Supplied data »
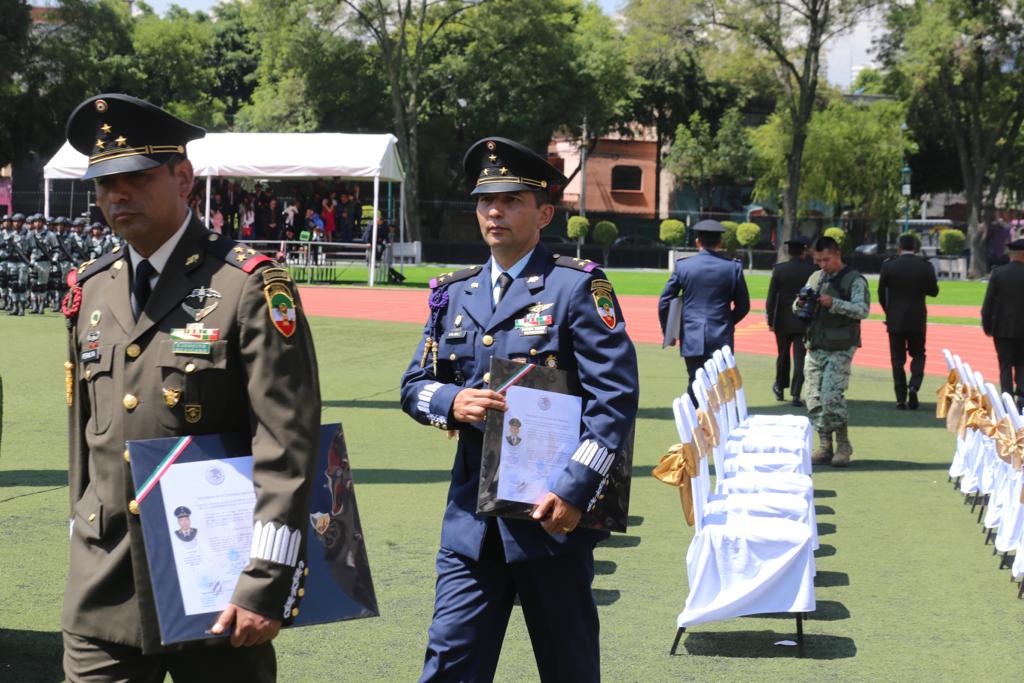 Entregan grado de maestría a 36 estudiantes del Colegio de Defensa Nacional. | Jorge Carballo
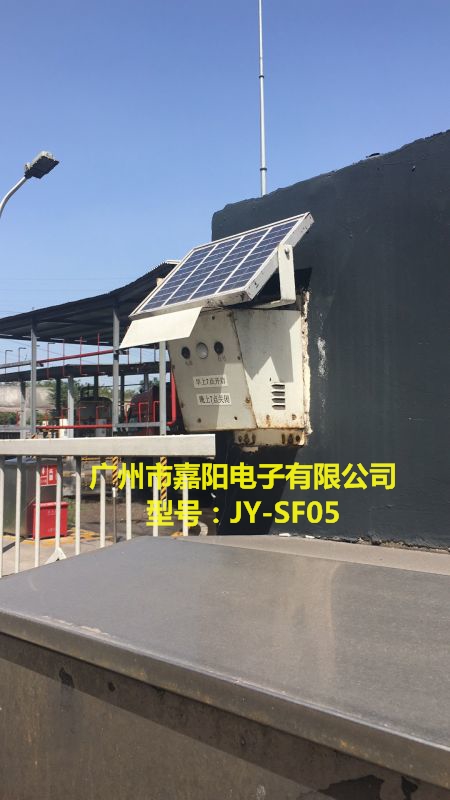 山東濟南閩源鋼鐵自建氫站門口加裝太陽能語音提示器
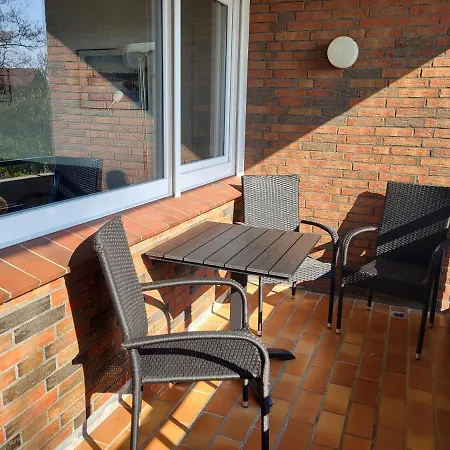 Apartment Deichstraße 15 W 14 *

Exercise aim »
Extract the run of lines from the line holding "山東濟南閩源鋼鐵自建氫站門口加裝太陽能語音提示器" through the final line of the material above, exactly and inclusively. Leave the pictures behind.

Output below »
 山東濟南閩源鋼鐵自建氫站門口加裝太陽能語音提示器
 Apartment Deichstraße 15 W 14 *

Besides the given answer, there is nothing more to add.